Question to the Department of Health and Social Care:

To ask the Secretary of State for Health and Social Care, what assessment his Department has made of the adequacy of appraisal processes for (a) Freidrich’s Ataxia, (b) Neiman Pick’s disease and (c) other rare diseases for exceptional conditions.

The National Institute for Health and Care Excellence’s (NICE) methods have been proven to be suitable for the evaluation of rare disease medicines, where companies are willing to price their medicines fairly. NICE’s approval rate for medicines for rare diseases is in line with its overall approval rate for new medicines, with 91% of medicines licensed for rare diseases recommended for some or all of the eligible patient population since April 2024.

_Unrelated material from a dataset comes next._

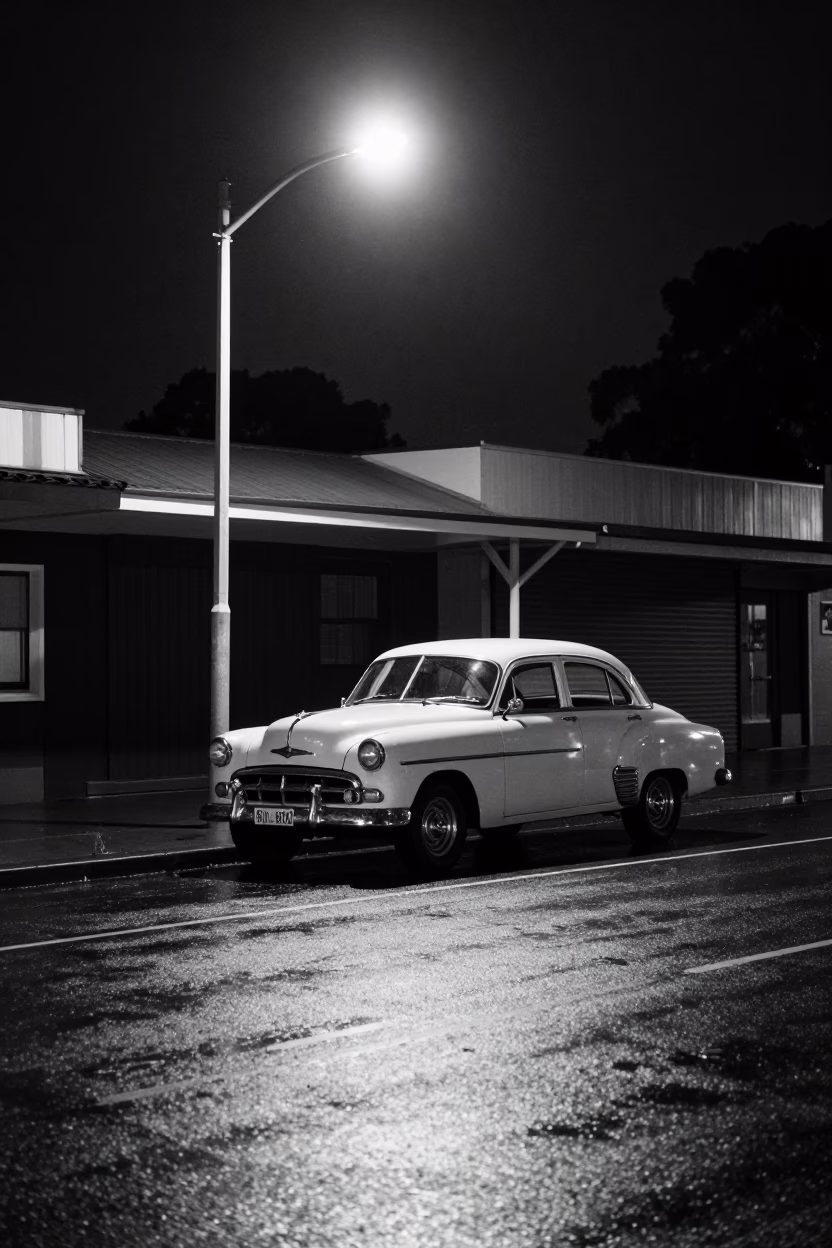 Late Night Adelaide Street Scene with Vintage Car and Coffee Mugs in in Adelaide, South Australia, Australia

NICE initiated an appraisal of Skyclarys (omaveloxolone) for the treatment of Friedrich’s Ataxia for people aged 16 years old and over but has had to terminate its appraisal as the company has withdrawn its evidence submission. NICE will review its decision if the company decides to make a new submission. Olipudase alfa for treating Niemann-Pick disease types B and AB was evaluated through NICE’s highly specialised technologies (HST) programme, which is reserved for a small number of medicines for very rare and very severe diseases. The HST programme uses a much higher cost-effectiveness threshold than a standard NICE appraisal that recognises the challenges of developing medicines for very small patient populations. NICE’s independent evaluation committee recognised that the evidence showed that the treatment improved lung function but found that there were uncertainties in the economic model. Even when taking into account the substantial clinical benefits of treatment and the higher threshold, it was unable to recommend it as a cost-effective use of National Health Service resources.